Personal information
- Full name: Stefen Erwan Tchamche
- Date of birth: 8 January 2006 (age 20)
- Place of birth: Hørning, Denmark
- Position: Forward

Team information
- Current team: AGF
- Number: 27

Youth career
- Hørning IF
- 0000–2022: IF Lyseng
- 2022–2025: AGF

Senior career*
- Years: Team / Apps / (Gls)
- 2025–: AGF / 13 / (1)

International career^{‡}
- 2025–: Denmark U19 / 2 / (0)

= Stefen Tchamche =

Danish footballer (born 2006)

Stefen Erwan Tchamche (born 8 January 2006) is a Danish professional footballer who plays as a forward for Danish Superliga club AGF.

==Career==
===AGF===
Tchamche grew up in Hørning, a town located in Skanderborg Municipality, and started playing football in the local club Hørning IF, later joining IF Lyseng, before moving to AGF in 2022.

In April 2025, following a strong season with the club's U-19 team, AGF confirmed that the parties had agreed on a contract extension until June 2027, which would take effect from 1 July 2025. In the pre-season ahead of the 2025–26 season, 19-year-old Tchamche made his mark on the club's first team, which is why, just one week into his contract period, he had it replaced with a new one until June 2029 and was permanently moved up to the first-team squad.
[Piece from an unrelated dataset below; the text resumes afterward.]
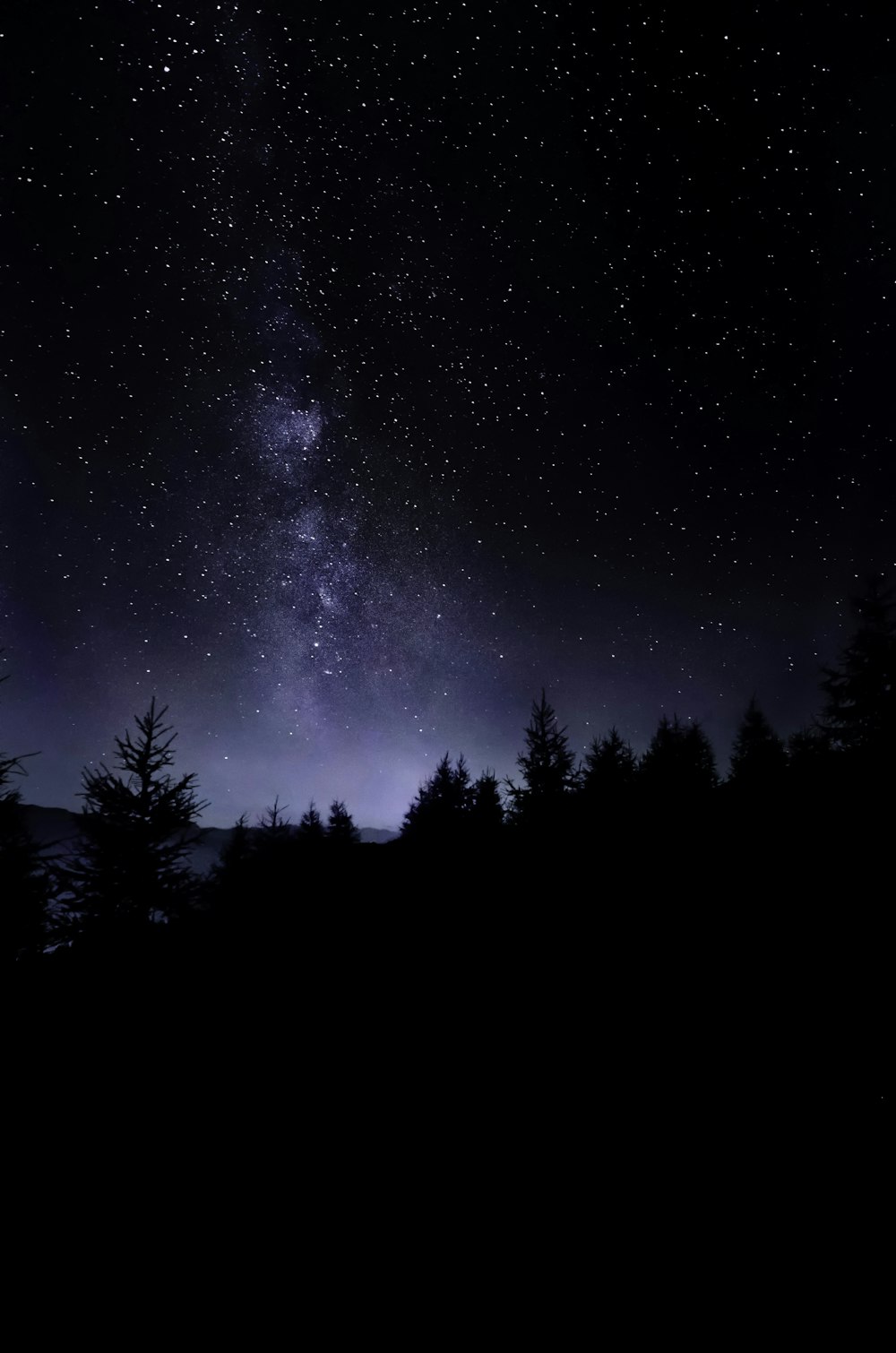 pine trees under starry sky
Just a few days after the contract extension, Tchamche came off the bench in a friendly match against the Dutch giants Ajax and scored, making the final score 1–1. On 20 July 2025, Tchamche also made his official debut for AGF when he came on with about fifteen minutes left in the club's first match of the 2025–26 Danish Superliga season, a 1–1 draw against Sønderjyske. He scored his first senior goal in a 3–3 draw against Brøndby IF, where he scored the equalising goal in the 91st minute. That season he won the Danish Championship with the club, the first in 40 years.